Get it on Github (https://github.com/arthur-ai/arthur-engine) to start evaluating your models today

Highlights of Arthur's Engine include:

* Built for speed and scale: It performs well with p90 latencies of sub-second well over 100+ RPS

* Made for full lifecycle support: Ideal for pre-production validation, real-time guardrails, and post-production monitoring.

* Ease of use: It is designed to be easy for anyone to run and deploy whether you're working on it locally during development, or you're deploying it within a horizontally-scaling architecture for large-scale workloads.

* Unification of generative and traditional AI: The Arthur AI Engine can be used to evaluate a diverse range of models from LLMs and Agentic AI systems to binary classifiers, regression models, recommender systems, forecasting models, and more.

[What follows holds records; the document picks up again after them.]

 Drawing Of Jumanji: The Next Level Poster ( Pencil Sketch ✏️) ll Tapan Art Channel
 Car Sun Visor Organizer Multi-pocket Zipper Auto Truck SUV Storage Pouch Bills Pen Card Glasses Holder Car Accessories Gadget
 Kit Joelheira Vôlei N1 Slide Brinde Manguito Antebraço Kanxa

* Content-specific guardrail and detection features: Ranging from toxicity and hallucination detection to sensitive data (like PII, keyword/regex and custom rules) and prompt injection.

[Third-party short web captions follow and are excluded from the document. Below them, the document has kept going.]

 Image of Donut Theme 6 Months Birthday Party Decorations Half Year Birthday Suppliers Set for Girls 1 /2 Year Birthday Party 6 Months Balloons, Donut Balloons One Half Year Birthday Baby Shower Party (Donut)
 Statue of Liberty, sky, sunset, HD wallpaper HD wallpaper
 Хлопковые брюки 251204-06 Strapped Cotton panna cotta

* Customizability: Plug in your own models or integrate with other model or guardrail providers with ease, and tailor the system to match your specific needs.

Having been first-hand witnesses to the lack of adequate AI monitoring tools and the general under delivery of Gen AI systems in production, we believe that such a capability shouldn't be exclusive to big-budget organizations. Our mission is to make AI better, for everyone, and we believe by opening up this tool we can help more people get to that goal.

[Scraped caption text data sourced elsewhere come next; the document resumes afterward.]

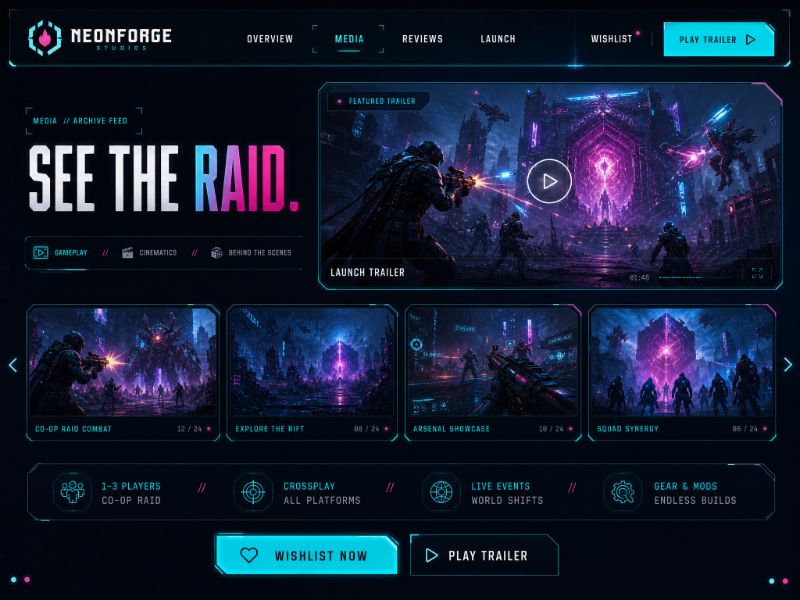 Game Media web design
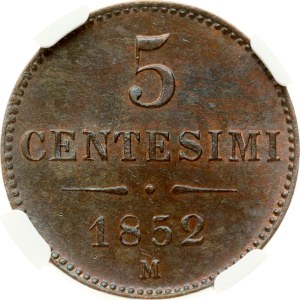 Italy Lombardy-Venetia 5 Centesimi 1852 M NGC MS 63 BN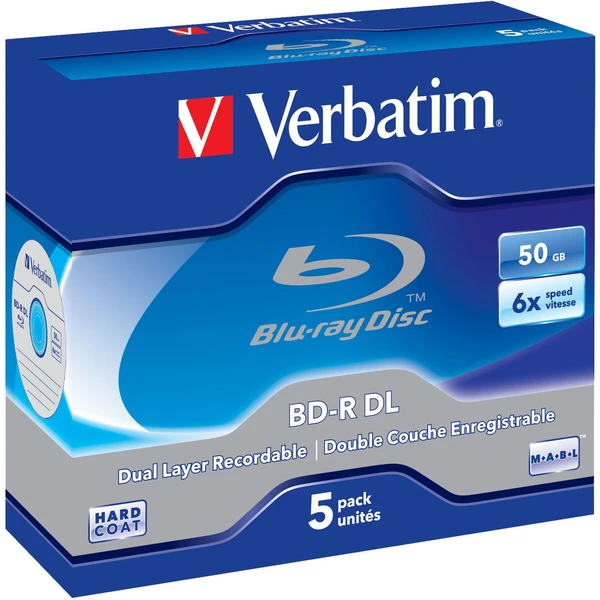 VERBATIM BD-R(5 ks) DualLayer/Jewel/6X/50GB - Optické disky - Hlavný obrázok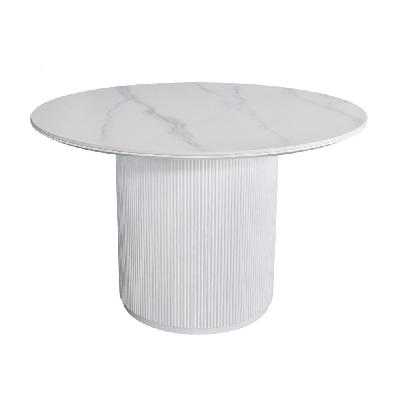 matilde marble look round kitchen dining table ceramic tempered glass 120cm snow white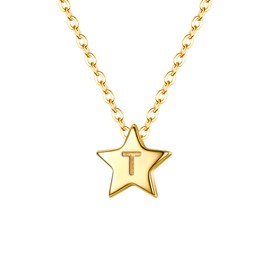 Clearine 925 Sterling Silver Tiny Dainty Pendant Star Letter T Initial Necklace 14K Gold Toned Statement Jewellery Gift for Women Girl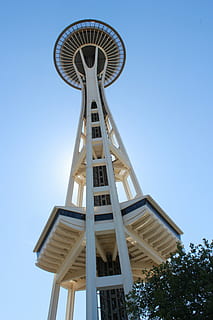 ago spaziale, Seattle, Washington, architettura, centro, famoso, turismo, alto, Torre, Inquadratura dal basso, struttura costruita, cielo, cielo sereno, natura, nessuno, giorno, esterno dell'edificio, alto - alto, albero, costruzione, all'aperto, blu, pianta, metallo, legno - materiale, modello, scala, 5K, CC0, dominio pubblico, privo di copyright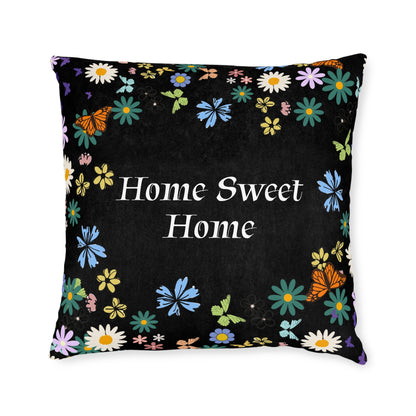 Floral Home Sweet Home Square Pillow - Cozy Decor for Living Room & Bedroom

Check out our GitHub repo for examples and directions on how to use the Arthur AI Engine for various purposes such as validation during development, real-time guardrails or performance troubleshooting using enriched logging data. (https://github.com/arthur-ai/engine-examples)

We can’t wait to see what you build

— Zach and Team Arthur

Comments

kacperek0•9mo ago
Cool, I'm running few GenAI automations, but they're rather unsupervisored. So I'm gonna try it and check how they're doing.
Lupita___•9mo ago
Thanks for sharing! This looks perfect for teams getting started with monitoring for all model types -- excited to try it out!
serguei•9mo ago
We've been ramping up our gen ai usage for the last ~month at Upsolve and it's becoming a huge pain. There are already a million solutions for observability out there, but I like that this one is open source and can detect hallucinations

Thanks for open sourcing and sharing, excited to try this out!!

fryz•9mo ago
Yeah thanks for the feedback.

We think we stand out from our competitors in the space because we built first for the enterprise case, with consideration for things like data governance, acceptable use, and data privacy and information security that can be deployed in managed easily and reliably in customer-managed environments.

A lot of the products today have similar evaluations and metrics, but they either offer a SAAS solution or require some onerous integration into your application stack.

Because we started w/ the enterprise first, our goal was to get to value as quickly and as easily as possible (to avoid shoulder-surfing over zoom calls because we don't have access to the service), and think this plays out well with our product.

cipherchain111•9mo ago
Very cool!
pierniki•9mo ago
Yoo! Hopefully no more "oops our AI just leaked the system prompt" moments thanks to these guardrails!
vparekh1995•9mo ago
Excited to get hands on with this. I've had too many sleepless nights trying to figure out how to track when my agents were hallucinating.
Gabriel_h•9mo ago
Interesting, AI needs much better guardrails and monitoring!
iabouhashish•9mo ago
Very excited to be trying this out! The examples look very useful and excited to tie it up with other open source solutions
jdbtech•9mo ago
Looks great! How does the system detect hallucinations?
fryz•9mo ago
Yeah great question

We based our hallucination detection on "groundedness" on a claim-by-claim basis, which evaluates whether the LLM response can be cited in provided context (eg: message history, tool calls, retrieved context from a vector DB, etc.)

We split the response into multiple claims, determine if a claim needs to be evaluated (eg: and isn't just some boilerplate) and then check to see if the claim is referenced in the context.

madeleinelane•9mo ago
Love this. More transparency + better tooling is exactly what AI needs right now. Excited to give it a try.